▶ **PROBLEM TO SOLVE**
Repeat every line of the material, character for character.

▶ **DATASET RECORDS**
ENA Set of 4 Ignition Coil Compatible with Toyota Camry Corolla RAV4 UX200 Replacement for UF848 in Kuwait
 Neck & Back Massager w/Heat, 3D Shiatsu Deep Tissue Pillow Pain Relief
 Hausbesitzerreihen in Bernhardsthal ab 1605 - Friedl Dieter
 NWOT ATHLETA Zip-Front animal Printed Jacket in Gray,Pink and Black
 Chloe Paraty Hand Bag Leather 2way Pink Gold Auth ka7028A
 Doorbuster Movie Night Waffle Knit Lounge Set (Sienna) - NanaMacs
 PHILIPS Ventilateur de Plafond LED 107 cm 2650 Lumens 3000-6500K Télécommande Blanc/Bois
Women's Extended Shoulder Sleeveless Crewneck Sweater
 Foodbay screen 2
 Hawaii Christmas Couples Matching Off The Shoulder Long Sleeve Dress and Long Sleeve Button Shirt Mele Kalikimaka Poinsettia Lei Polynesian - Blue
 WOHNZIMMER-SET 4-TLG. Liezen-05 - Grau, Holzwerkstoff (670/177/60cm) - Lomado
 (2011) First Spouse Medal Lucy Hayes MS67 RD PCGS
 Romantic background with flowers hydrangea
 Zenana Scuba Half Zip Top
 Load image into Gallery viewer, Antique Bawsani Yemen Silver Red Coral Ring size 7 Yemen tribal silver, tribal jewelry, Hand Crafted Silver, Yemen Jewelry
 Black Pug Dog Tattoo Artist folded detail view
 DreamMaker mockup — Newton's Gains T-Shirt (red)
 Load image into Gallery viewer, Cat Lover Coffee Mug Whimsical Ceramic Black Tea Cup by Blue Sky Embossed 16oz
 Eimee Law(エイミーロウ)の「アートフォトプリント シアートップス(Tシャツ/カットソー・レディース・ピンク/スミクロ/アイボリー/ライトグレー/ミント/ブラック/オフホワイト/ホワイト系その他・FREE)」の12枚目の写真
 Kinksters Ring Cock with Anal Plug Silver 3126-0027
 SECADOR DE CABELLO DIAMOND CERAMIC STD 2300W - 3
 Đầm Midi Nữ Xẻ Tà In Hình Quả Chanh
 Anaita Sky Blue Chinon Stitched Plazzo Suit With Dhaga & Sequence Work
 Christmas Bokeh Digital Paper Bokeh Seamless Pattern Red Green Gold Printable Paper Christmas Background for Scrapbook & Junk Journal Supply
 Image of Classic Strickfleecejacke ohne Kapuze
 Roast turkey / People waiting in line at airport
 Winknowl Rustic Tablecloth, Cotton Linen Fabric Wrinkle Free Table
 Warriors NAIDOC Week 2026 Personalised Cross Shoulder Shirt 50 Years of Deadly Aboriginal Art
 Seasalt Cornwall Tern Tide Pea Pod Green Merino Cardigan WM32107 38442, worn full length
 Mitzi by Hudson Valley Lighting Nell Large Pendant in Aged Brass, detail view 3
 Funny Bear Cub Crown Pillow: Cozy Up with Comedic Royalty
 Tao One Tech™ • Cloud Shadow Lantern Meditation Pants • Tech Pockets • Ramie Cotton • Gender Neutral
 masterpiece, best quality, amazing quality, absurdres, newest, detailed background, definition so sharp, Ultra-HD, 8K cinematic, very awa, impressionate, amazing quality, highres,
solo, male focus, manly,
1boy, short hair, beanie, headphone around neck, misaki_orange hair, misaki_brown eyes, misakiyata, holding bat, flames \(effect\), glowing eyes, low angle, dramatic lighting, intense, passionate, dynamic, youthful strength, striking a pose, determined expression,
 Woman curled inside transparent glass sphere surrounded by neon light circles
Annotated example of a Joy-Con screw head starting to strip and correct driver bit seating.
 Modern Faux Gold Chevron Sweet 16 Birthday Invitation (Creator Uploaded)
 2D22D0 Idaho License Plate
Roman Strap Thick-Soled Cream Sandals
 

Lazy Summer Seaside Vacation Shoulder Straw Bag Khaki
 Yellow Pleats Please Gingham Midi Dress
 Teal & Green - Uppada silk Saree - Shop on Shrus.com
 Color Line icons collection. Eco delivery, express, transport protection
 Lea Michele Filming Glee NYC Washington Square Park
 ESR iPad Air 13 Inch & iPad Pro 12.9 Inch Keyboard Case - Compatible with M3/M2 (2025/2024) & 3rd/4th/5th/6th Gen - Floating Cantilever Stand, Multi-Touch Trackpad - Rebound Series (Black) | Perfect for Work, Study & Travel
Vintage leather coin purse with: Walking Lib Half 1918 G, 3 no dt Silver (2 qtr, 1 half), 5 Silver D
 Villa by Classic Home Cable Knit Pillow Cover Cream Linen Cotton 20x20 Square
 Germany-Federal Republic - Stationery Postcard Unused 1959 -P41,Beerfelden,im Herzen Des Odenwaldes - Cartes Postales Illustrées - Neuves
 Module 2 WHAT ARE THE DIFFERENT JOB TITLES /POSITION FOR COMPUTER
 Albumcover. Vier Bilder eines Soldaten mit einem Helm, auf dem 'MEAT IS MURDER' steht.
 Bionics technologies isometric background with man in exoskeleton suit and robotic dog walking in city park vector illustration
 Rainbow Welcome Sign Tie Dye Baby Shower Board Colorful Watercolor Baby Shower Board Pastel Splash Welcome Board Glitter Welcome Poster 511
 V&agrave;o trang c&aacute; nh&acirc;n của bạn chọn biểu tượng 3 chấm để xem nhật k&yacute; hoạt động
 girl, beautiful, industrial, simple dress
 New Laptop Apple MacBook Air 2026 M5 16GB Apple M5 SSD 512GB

▶ **EXERCISE ANSWER**
ENA Set of 4 Ignition Coil Compatible with Toyota Camry Corolla RAV4 UX200 Replacement for UF848 in Kuwait
 Neck & Back Massager w/Heat, 3D Shiatsu Deep Tissue Pillow Pain Relief
 Hausbesitzerreihen in Bernhardsthal ab 1605 - Friedl Dieter
 NWOT ATHLETA Zip-Front animal Printed Jacket in Gray,Pink and Black
 Chloe Paraty Hand Bag Leather 2way Pink Gold Auth ka7028A
 Doorbuster Movie Night Waffle Knit Lounge Set (Sienna) - NanaMacs
 PHILIPS Ventilateur de Plafond LED 107 cm 2650 Lumens 3000-6500K Télécommande Blanc/Bois
Women's Extended Shoulder Sleeveless Crewneck Sweater
 Foodbay screen 2
 Hawaii Christmas Couples Matching Off The Shoulder Long Sleeve Dress and Long Sleeve Button Shirt Mele Kalikimaka Poinsettia Lei Polynesian - Blue
 WOHNZIMMER-SET 4-TLG. Liezen-05 - Grau, Holzwerkstoff (670/177/60cm) - Lomado
 (2011) First Spouse Medal Lucy Hayes MS67 RD PCGS
 Romantic background with flowers hydrangea
 Zenana Scuba Half Zip Top
 Load image into Gallery viewer, Antique Bawsani Yemen Silver Red Coral Ring size 7 Yemen tribal silver, tribal jewelry, Hand Crafted Silver, Yemen Jewelry
 Black Pug Dog Tattoo Artist folded detail view
 DreamMaker mockup — Newton's Gains T-Shirt (red)
 Load image into Gallery viewer, Cat Lover Coffee Mug Whimsical Ceramic Black Tea Cup by Blue Sky Embossed 16oz
 Eimee Law(エイミーロウ)の「アートフォトプリント シアートップス(Tシャツ/カットソー・レディース・ピンク/スミクロ/アイボリー/ライトグレー/ミント/ブラック/オフホワイト/ホワイト系その他・FREE)」の12枚目の写真
 Kinksters Ring Cock with Anal Plug Silver 3126-0027
 SECADOR DE CABELLO DIAMOND CERAMIC STD 2300W - 3
 Đầm Midi Nữ Xẻ Tà In Hình Quả Chanh
 Anaita Sky Blue Chinon Stitched Plazzo Suit With Dhaga & Sequence Work
 Christmas Bokeh Digital Paper Bokeh Seamless Pattern Red Green Gold Printable Paper Christmas Background for Scrapbook & Junk Journal Supply
 Image of Classic Strickfleecejacke ohne Kapuze
 Roast turkey / People waiting in line at airport
 Winknowl Rustic Tablecloth, Cotton Linen Fabric Wrinkle Free Table
 Warriors NAIDOC Week 2026 Personalised Cross Shoulder Shirt 50 Years of Deadly Aboriginal Art
 Seasalt Cornwall Tern Tide Pea Pod Green Merino Cardigan WM32107 38442, worn full length
 Mitzi by Hudson Valley Lighting Nell Large Pendant in Aged Brass, detail view 3
 Funny Bear Cub Crown Pillow: Cozy Up with Comedic Royalty
 Tao One Tech™ • Cloud Shadow Lantern Meditation Pants • Tech Pockets • Ramie Cotton • Gender Neutral
 masterpiece, best quality, amazing quality, absurdres, newest, detailed background, definition so sharp, Ultra-HD, 8K cinematic, very awa, impressionate, amazing quality, highres,
solo, male focus, manly,
1boy, short hair, beanie, headphone around neck, misaki_orange hair, misaki_brown eyes, misakiyata, holding bat, flames \(effect\), glowing eyes, low angle, dramatic lighting, intense, passionate, dynamic, youthful strength, striking a pose, determined expression,
 Woman curled inside transparent glass sphere surrounded by neon light circles
Annotated example of a Joy-Con screw head starting to strip and correct driver bit seating.
 Modern Faux Gold Chevron Sweet 16 Birthday Invitation (Creator Uploaded)
 2D22D0 Idaho License Plate
Roman Strap Thick-Soled Cream Sandals
 

Lazy Summer Seaside Vacation Shoulder Straw Bag Khaki
 Yellow Pleats Please Gingham Midi Dress
 Teal & Green - Uppada silk Saree - Shop on Shrus.com
 Color Line icons collection. Eco delivery, express, transport protection
 Lea Michele Filming Glee NYC Washington Square Park
 ESR iPad Air 13 Inch & iPad Pro 12.9 Inch Keyboard Case - Compatible with M3/M2 (2025/2024) & 3rd/4th/5th/6th Gen - Floating Cantilever Stand, Multi-Touch Trackpad - Rebound Series (Black) | Perfect for Work, Study & Travel
Vintage leather coin purse with: Walking Lib Half 1918 G, 3 no dt Silver (2 qtr, 1 half), 5 Silver D
 Villa by Classic Home Cable Knit Pillow Cover Cream Linen Cotton 20x20 Square
 Germany-Federal Republic - Stationery Postcard Unused 1959 -P41,Beerfelden,im Herzen Des Odenwaldes - Cartes Postales Illustrées - Neuves
 Module 2 WHAT ARE THE DIFFERENT JOB TITLES /POSITION FOR COMPUTER
 Albumcover. Vier Bilder eines Soldaten mit einem Helm, auf dem 'MEAT IS MURDER' steht.
 Bionics technologies isometric background with man in exoskeleton suit and robotic dog walking in city park vector illustration
 Rainbow Welcome Sign Tie Dye Baby Shower Board Colorful Watercolor Baby Shower Board Pastel Splash Welcome Board Glitter Welcome Poster 511
 V&agrave;o trang c&aacute; nh&acirc;n của bạn chọn biểu tượng 3 chấm để xem nhật k&yacute; hoạt động
 girl, beautiful, industrial, simple dress
 New Laptop Apple MacBook Air 2026 M5 16GB Apple M5 SSD 512GB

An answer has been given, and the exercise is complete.